Raheem Sterling was on the periphery of Pep Guardiola’s plans. He started one match against Borussia Monchengladbach during the knockout rounds preceding the final, and he mustered just 10 minutes over the doubleheaders with Borussia Dortmund and Paris Saint-Germain in the quarterfinals and semifinals.
So, the out-of-form Englishman’s starting spot – at the expense of a defensive midfielder in Fernandinho or Rodri – was a peculiar choice by Guardiola. The well-worn accusations of the City manager overthinking his game plan were dusted off immediately after the XIs were announced.
“I know exactly the way we want to play, with whom we are going to play, and I am not going to bother them much,” Guardiola said Friday, indicating he’d been buffing the leather and picking at the seams long before pitching his latest curveball.
There were glimpses during a couple of counterattacks in the first half as to why Guardiola picked Sterling. There were openings behind Reece James to be exploited, and Cesar Azpilicueta, who was to the right of Tuchel’s back three, isn’t the sprightliest defender nowadays.
But, ultimately, Sterling didn’t do enough to justify Guardiola’s meddling with a winning formula. The attacker was substituted with under 15 minutes remaining and finished the game with a single shot on target and the same number of touches (30) as his goalkeeper.
And you have to wonder: Would Havertz had gotten all of that space for his goal if Fernandinho or Rodri were plugging the midfield?
Guardiola had arguably his finest season as Manchester City manager, given that he implemented tactical tweaks in winter that reversed the fortunes of an ailing team, winning the Premier League and League Cup in the process. Still, he faces similar lines of criticism after yet another baffling change to his lineup in Europe.
To Pep could soon be added to the dictionary.
Rudiger leads merciless defensive effort
Antonio Rudiger’s most memorable contribution to the fixture was rather controversial. Kevin De Bruyne ran with the hope of meeting a return pass from Riyad Mahrez, but Rudiger, with no intent to play the ball but plenty of intent to hit the Belgian, flattened him.
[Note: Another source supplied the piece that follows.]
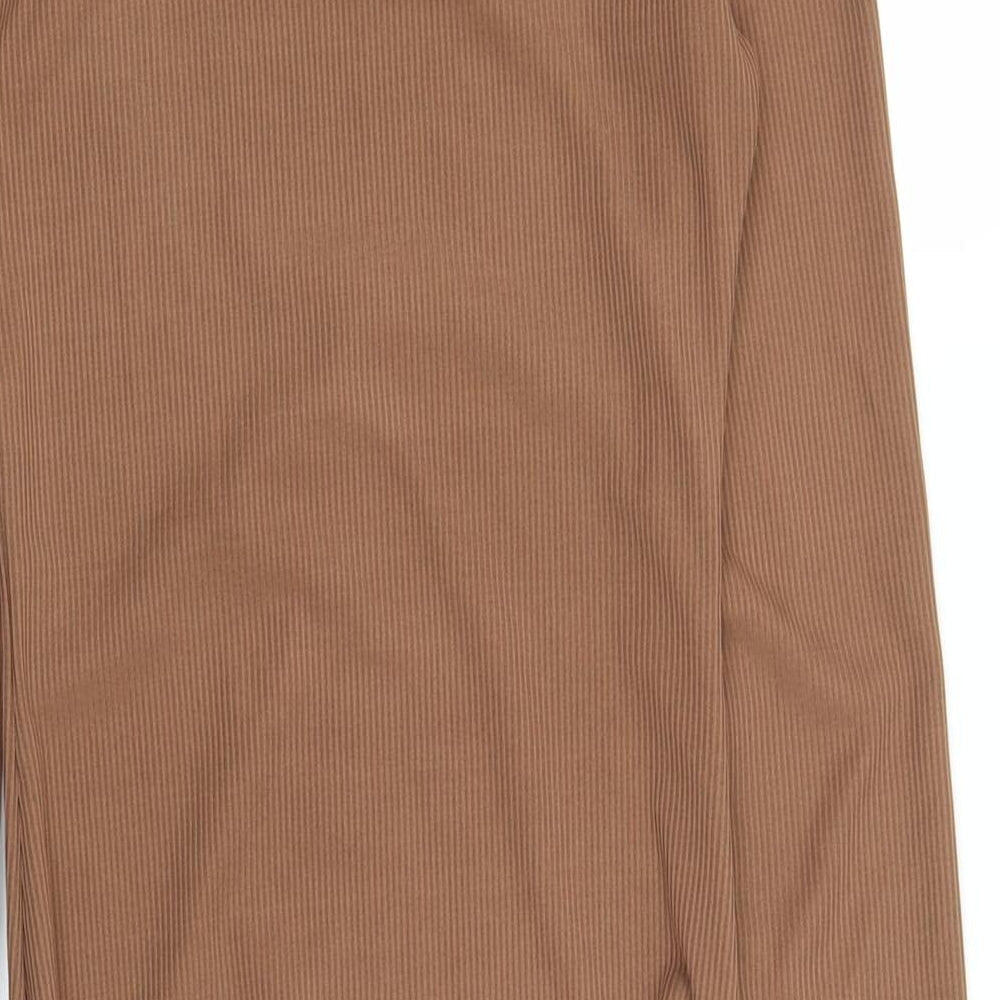 Boohoo Womens Brown   Bodycon  Size 6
Rudiger’s block left De Bruyne with a throbbing black eye and robbed City of their vital playmaker after an hour.
This is Rudiger’s game. He struggled to get off the bench when he played in Peter Hyballa’s under-19 team at Dortmund because of his weaknesses in possession, but his aggression was never in doubt. “He’d eat the striker,” Hyballa told theScore last year.
Frank Lampard didn’t seem to be a fan, either, but Tuchel has used him regularly over his short time at the helm – and it’s easy to see why. Aside from Rudiger’s unsavory challenge on De Bruyne, his combativeness was the perfect response to City’s diminutive, artful attackers, with an excellent block tackle on Phil Foden during the first half the real highlight of his workday.
Without that, Foden would’ve given City the lead.
But it wasn’t Rudiger alone. James made a game-high seven tackles on his own – the same number as the whole Manchester City squad – and led in clearances as he bludgeoned five balls to safety. And N’Golo Kante, undoubtedly Chelsea’s best player of their Champions League run, was his usual tireless self as he mopped up with three tackles and two interceptions in midfield.
“I was very impressed, from the first moment, with the intensity, the attitude, and how we defended together. (This) is an (important) point,” Tuchel said this week when reflecting on his tenure so far. “The group plays like a group that has something to prove, and they really want to prove how strong they are.”
Tuchel turned Chelsea into a solid, Champions League-winning unit in four months. Think of what he could do with a full preseason under his belt.